Un entretien téléphonique autour de son projet, rendu dans un court-métrage intitulé « Chuva Caiu » (« la pluie est tombée » en portugais), réalisé avec la cinéaste brésilienne Mariana Bley, donne à penser que ce jeune jazzman ouvre des portes sensibles pour nous aider à ne plus considérer la nature comme un simple objet. C’est en plein jardinage, confiné dans une maison du Morvan, qu’il nous a livré quelques éléments d’explication de sa proposition.

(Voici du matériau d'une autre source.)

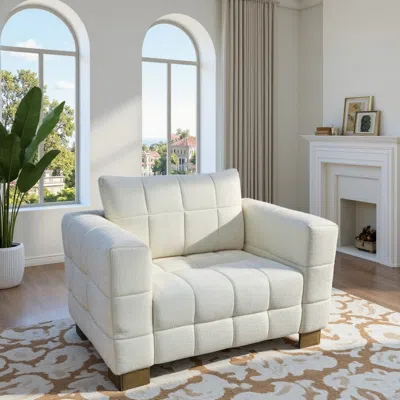 Streamdale Furniture Streamdale Plush Polyester Sofa: Soft, Spring Seat, Easy Clean In White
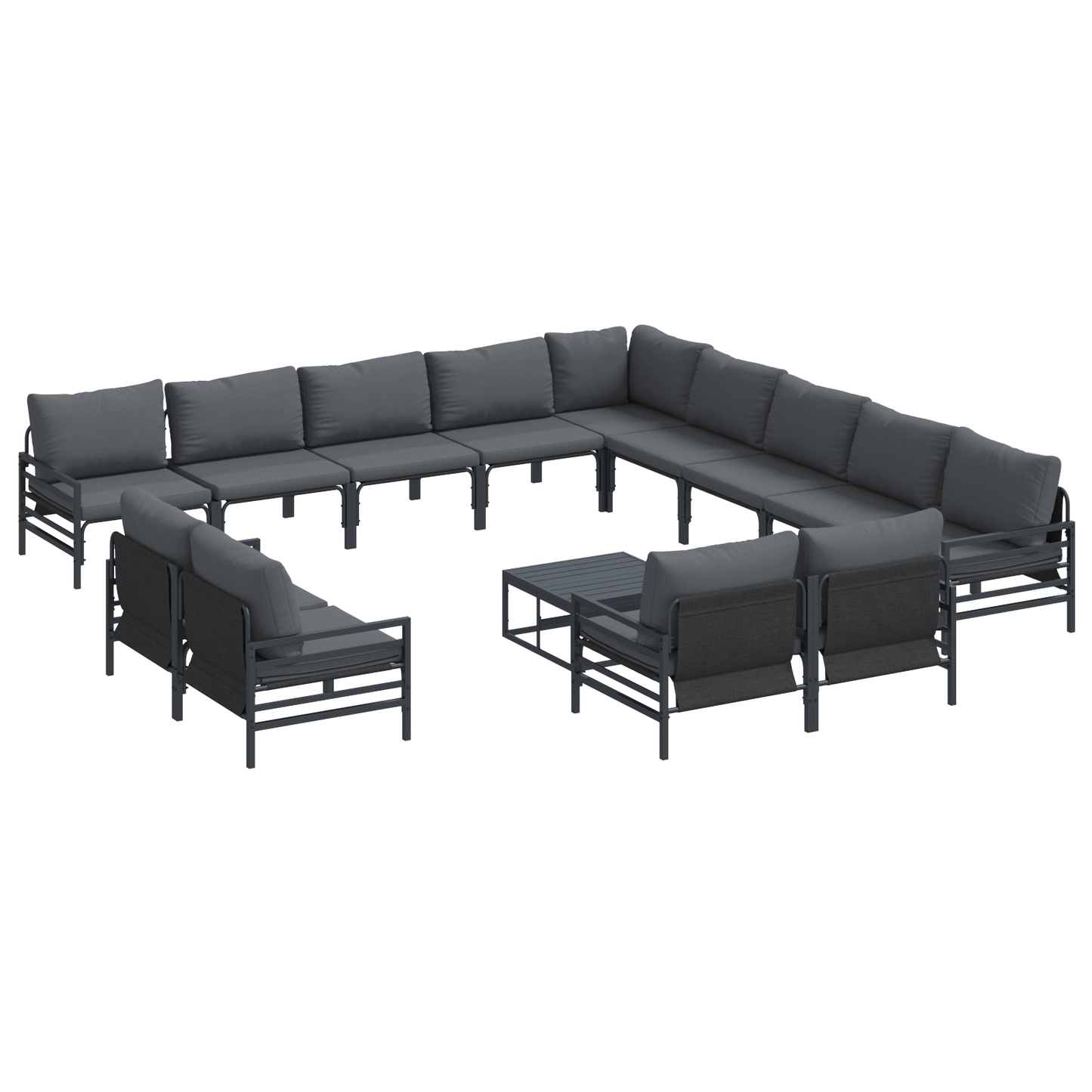 Hagesofa Set med pute 14 pcs Svart Stål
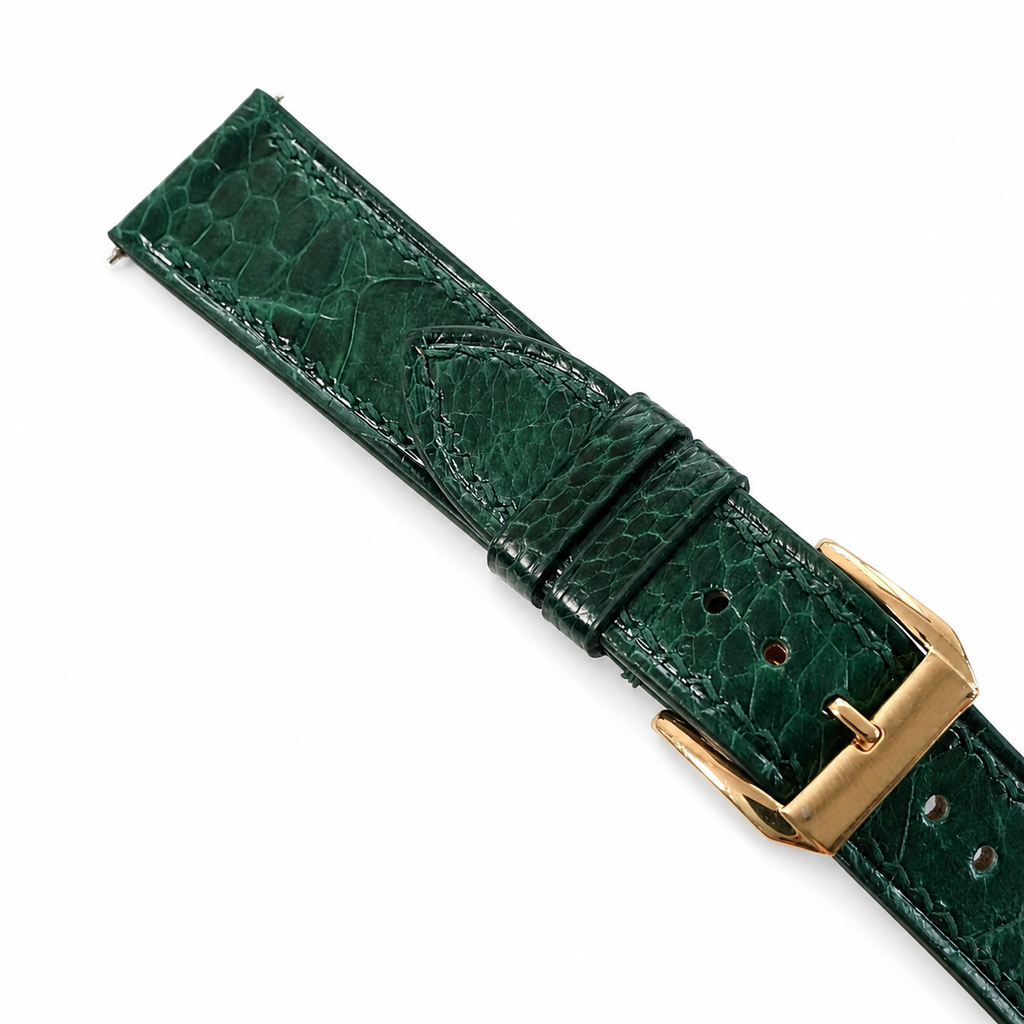 Flat Green Ostrich Leg Leather Watch Strap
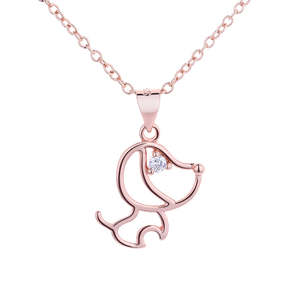 Collana con Ciondolo Placcato in Oro Rosa 18K con Charm a Forma di Cane - Product Image 3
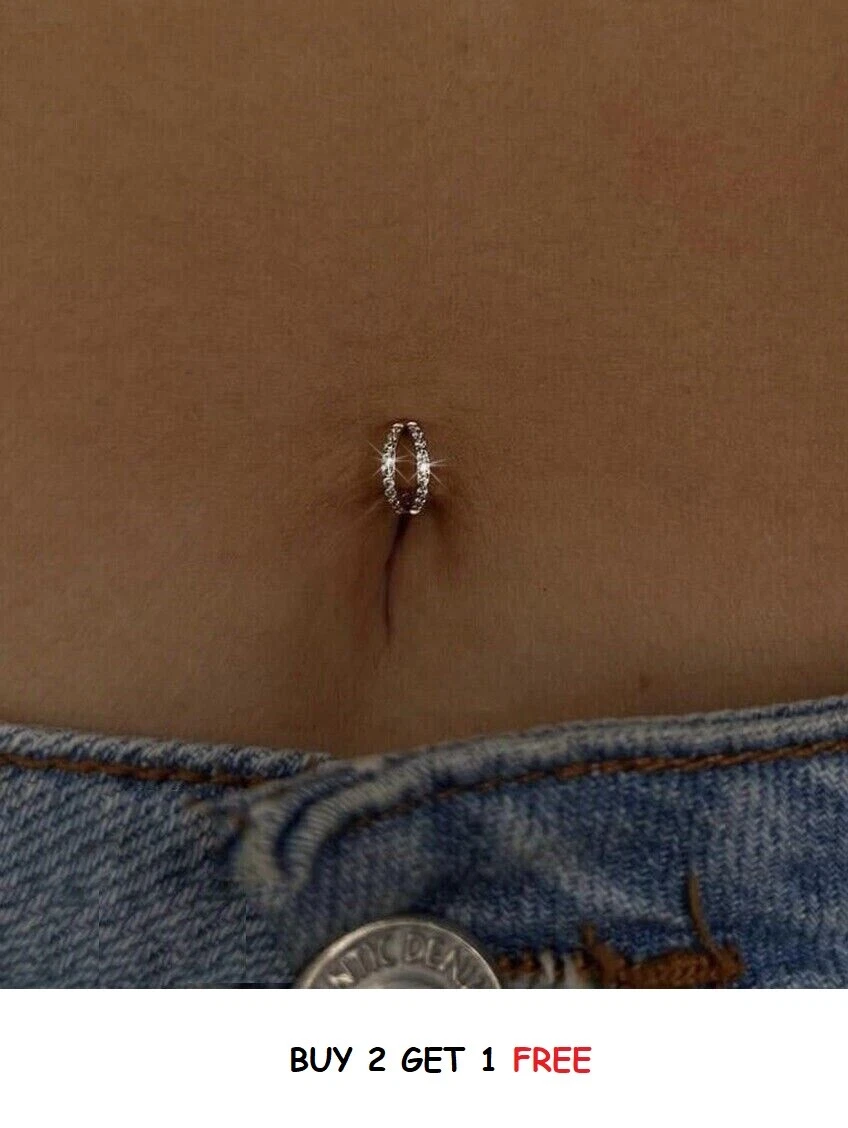 Belly Ring Navel Bar Hoop Khula Diamante Ring Hoop Stud Small Ring 8mm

« En fait il s’agit d’un rendu de résidence dans une ancienne plantation de café à 4-5 heures de route de Rio, dans une région montagneuse. Dans cette fazenda, entourée de montagnes très acérées, sont organisés des ateliers socioculturels et des résidences d’artistes. Autour de ce qu’il reste des champs de café, autrefois cultivés par des esclaves, il y a encore des poches de forêt primaire, la Mata Atlântica. J’avais candidaté avec un projet autour de « l’harmonisation des sons de la nature ». J’ai toujours fait des enregistrements de « field-recording » et là j’avais en tête de jouer avec le chant d’un oiseau. J’avais quinze jours de résidence et je voulais trouver un oiseau. »

Résidence dans une fazenda

Reconnaissant une certaine méconnaissance du matériel d’enregistrement, Benoît Crauste ne se décourage pas et reste concentré sur l’objectif premier de faire une restitution à Rio, avec une date limite fixée par la productrice.
« J’ai commencé par enregistrer la seconde partie, « Noite » (Nuit). En descendant du taxi, lorsque je suis arrivé à la fazenda, en pleine nuit, j’ai été saisi par l’univers sonore luxuriant, exubérant même ! C’est très fort la nature là-bas. Il était 18 heures, l’heure des grillons et je me suis dit “Ce sont des notes”. Je n’avais pas d’autre choix que d’essayer d’être en dialogue avec une nature universelle. Dans ces grillons, j’ai saisi différents chants, qui correspondent aux différents stades que traverse leur colonie. Mais j’entendais aussi ce que je croyais être des djembés quelque part. Et au bord d’un petit étang, je croise une personne qui me fait signe de me taire en m’expliquant que ce son émanait de crapauds-marteaux. Cette polyrythmie était dingue. »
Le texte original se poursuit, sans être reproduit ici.